» **Supplied data**

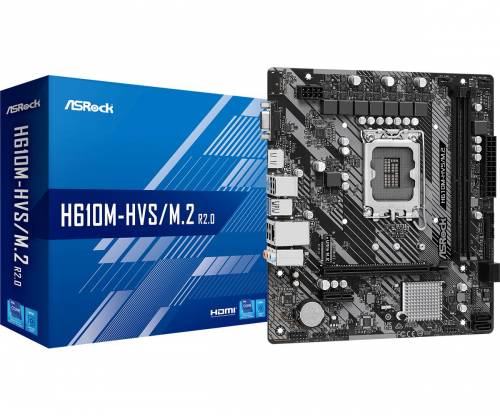 17449004317381-asrockh610mhvsm2r20intelh610lga1700microatx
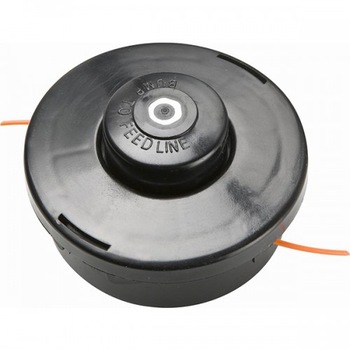 Fir pentru motocoasa VERTO 50G490-134 Fir pentru motocoasa VERTO 50G490-134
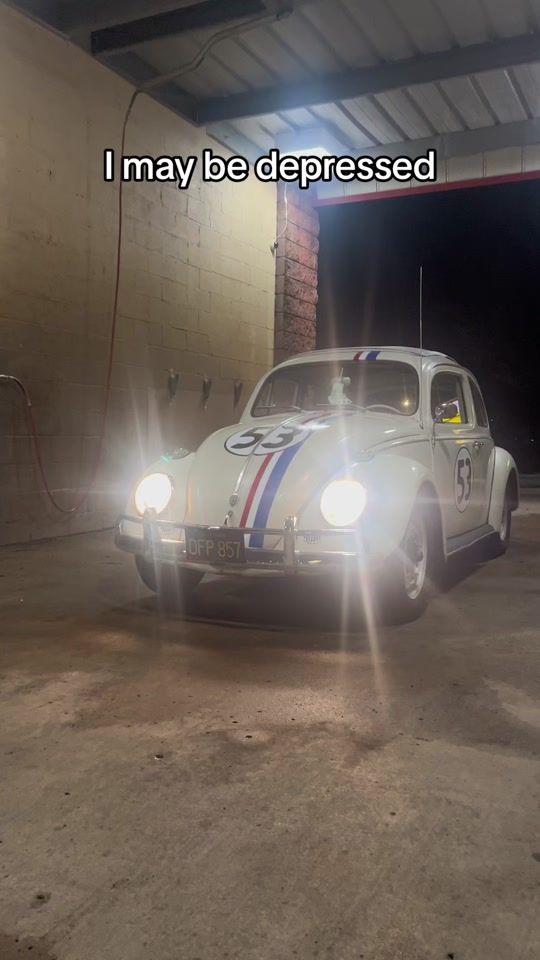 TikTok video thumbnail by herbie.of.nashville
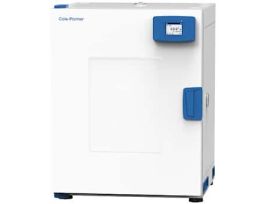 Mechanical Convection Oven, 112 L; 230 VAC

» **Work order**
Once the line containing "Fir pentru motocoasa VERTO 50G490-134 Fir" is found, transcribe it and the rest of the lines to the end of the listing above exactly, omitting all pictures.

» **Reply to the task**
 Fir pentru motocoasa VERTO 50G490-134 Fir pentru motocoasa VERTO 50G490-134
 TikTok video thumbnail by herbie.of.nashville
 Mechanical Convection Oven, 112 L; 230 VAC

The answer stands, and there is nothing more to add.